↓

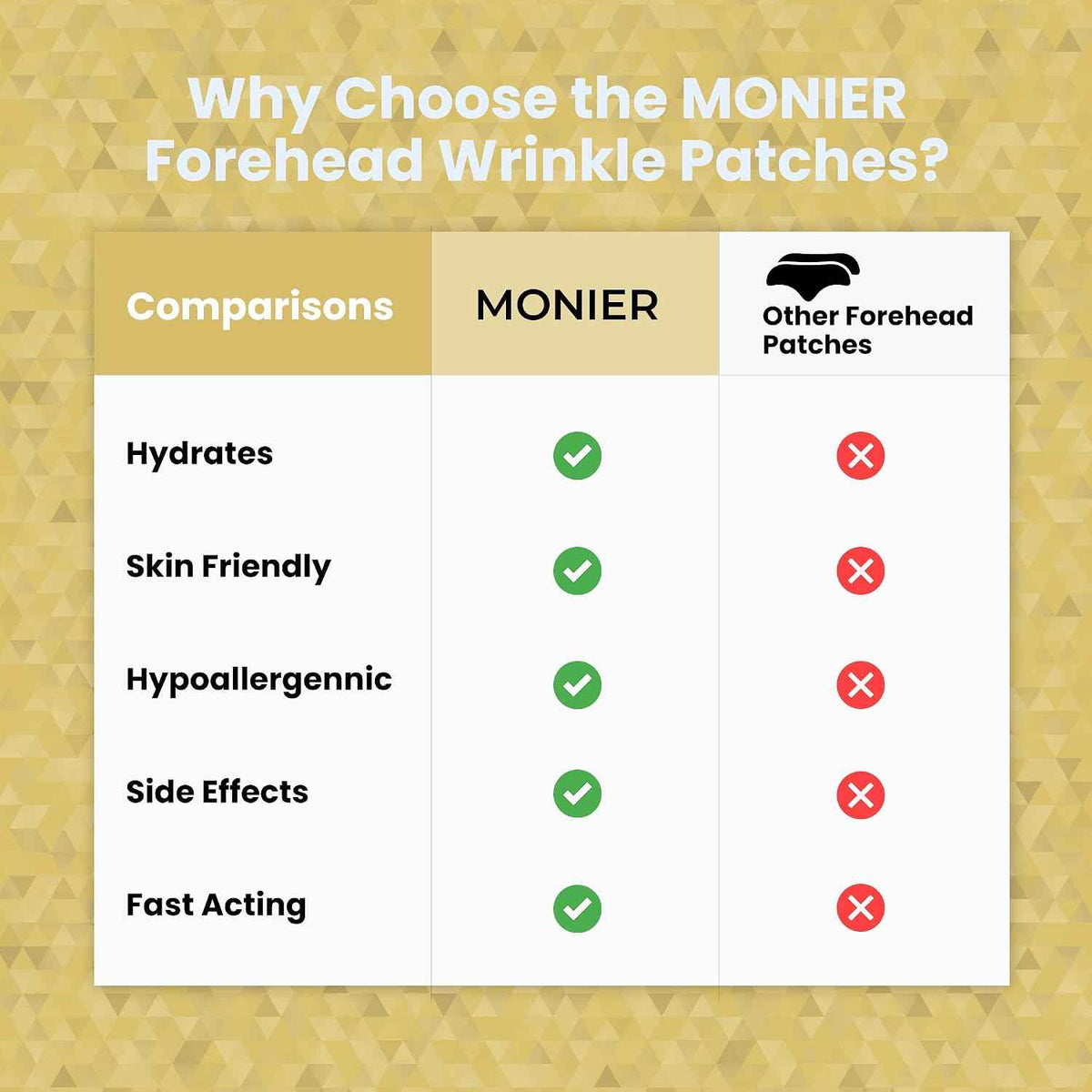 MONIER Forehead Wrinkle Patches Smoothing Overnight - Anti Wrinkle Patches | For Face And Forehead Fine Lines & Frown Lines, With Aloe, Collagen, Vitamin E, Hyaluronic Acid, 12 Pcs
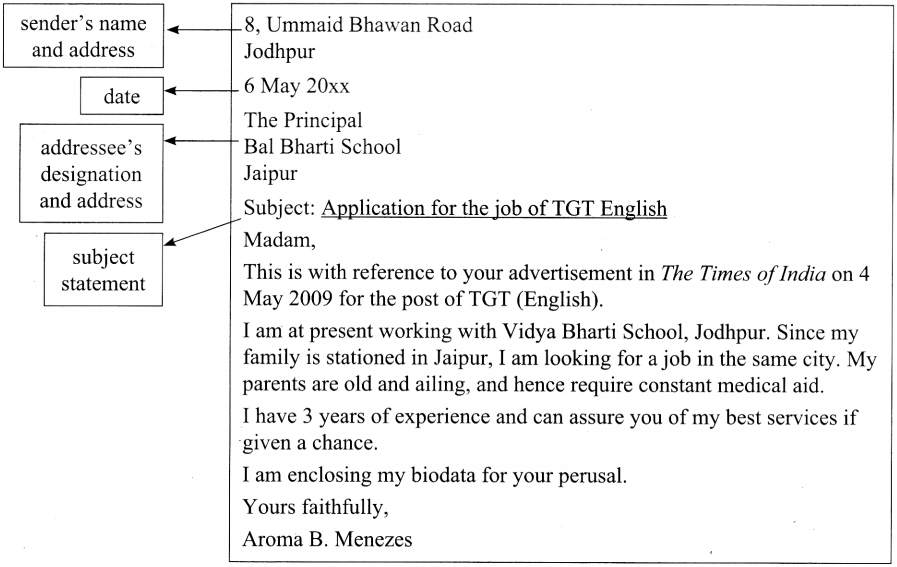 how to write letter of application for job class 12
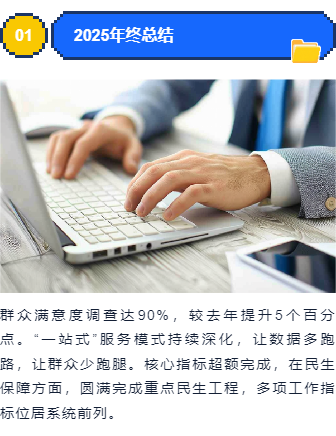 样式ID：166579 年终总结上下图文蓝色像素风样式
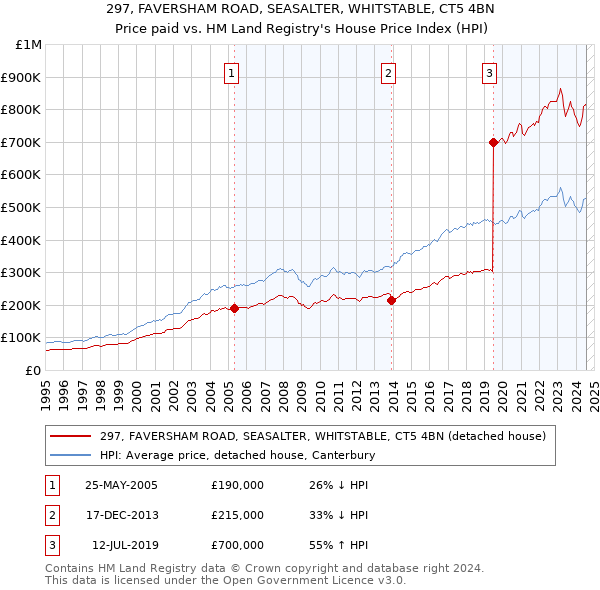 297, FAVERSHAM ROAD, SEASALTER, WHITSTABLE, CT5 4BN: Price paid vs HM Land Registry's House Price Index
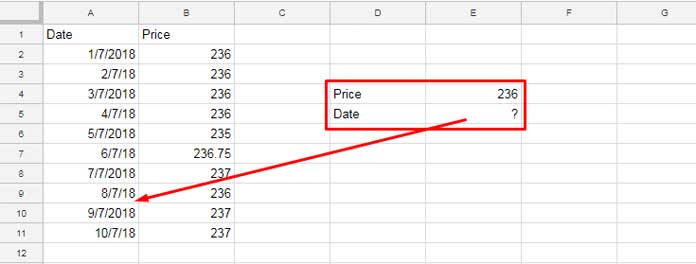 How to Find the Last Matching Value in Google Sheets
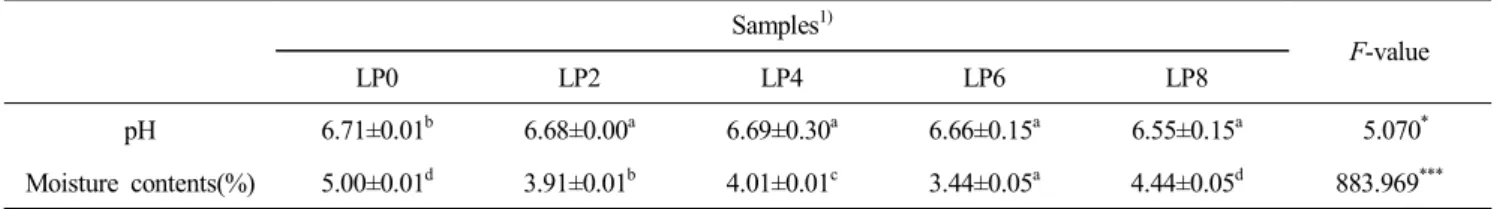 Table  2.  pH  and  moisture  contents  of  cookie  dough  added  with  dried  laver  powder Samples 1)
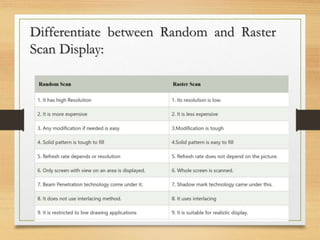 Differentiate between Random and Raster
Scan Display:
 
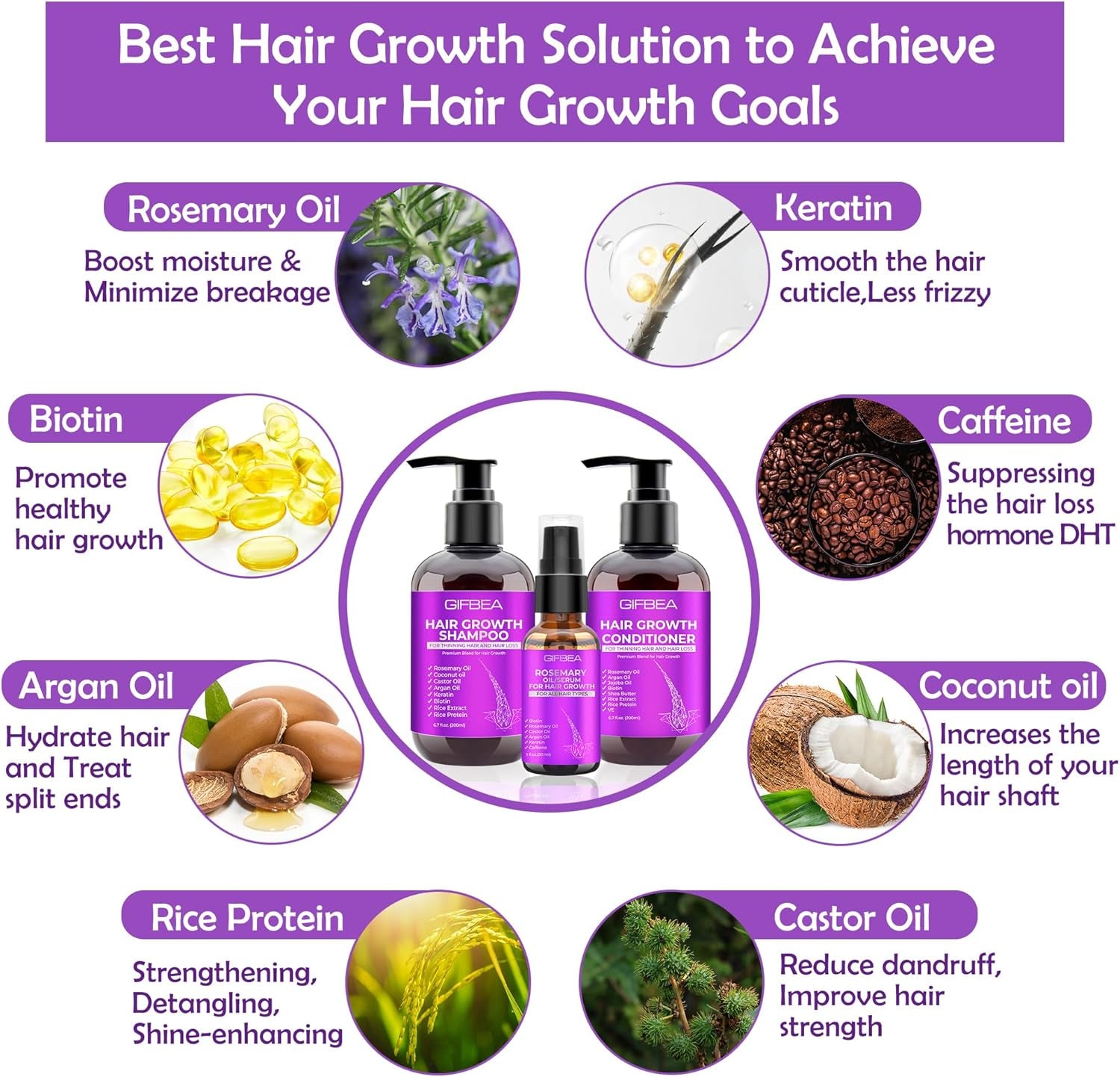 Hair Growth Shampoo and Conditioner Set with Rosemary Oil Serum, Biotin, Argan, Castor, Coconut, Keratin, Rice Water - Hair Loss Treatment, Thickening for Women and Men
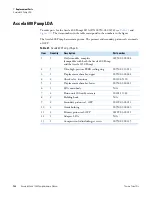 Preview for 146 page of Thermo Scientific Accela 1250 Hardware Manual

↑

What is being asked -
Copy the data word for word and omit every picture.

Result below -
 MONIER Forehead Wrinkle Patches Smoothing Overnight - Anti Wrinkle Patches | For Face And Forehead Fine Lines & Frown Lines, With Aloe, Collagen, Vitamin E, Hyaluronic Acid, 12 Pcs
 how to write letter of application for job class 12
 样式ID：166579 年终总结上下图文蓝色像素风样式
 297, FAVERSHAM ROAD, SEASALTER, WHITSTABLE, CT5 4BN: Price paid vs HM Land Registry's House Price Index
 How to Find the Last Matching Value in Google Sheets
 Table  2.  pH  and  moisture  contents  of  cookie  dough  added  with  dried  laver  powder Samples 1)
 Differentiate between Random and Raster
Scan Display:
 
 Hair Growth Shampoo and Conditioner Set with Rosemary Oil Serum, Biotin, Argan, Castor, Coconut, Keratin, Rice Water - Hair Loss Treatment, Thickening for Women and Men
 Preview for 146 page of Thermo Scientific Accela 1250 Hardware Manual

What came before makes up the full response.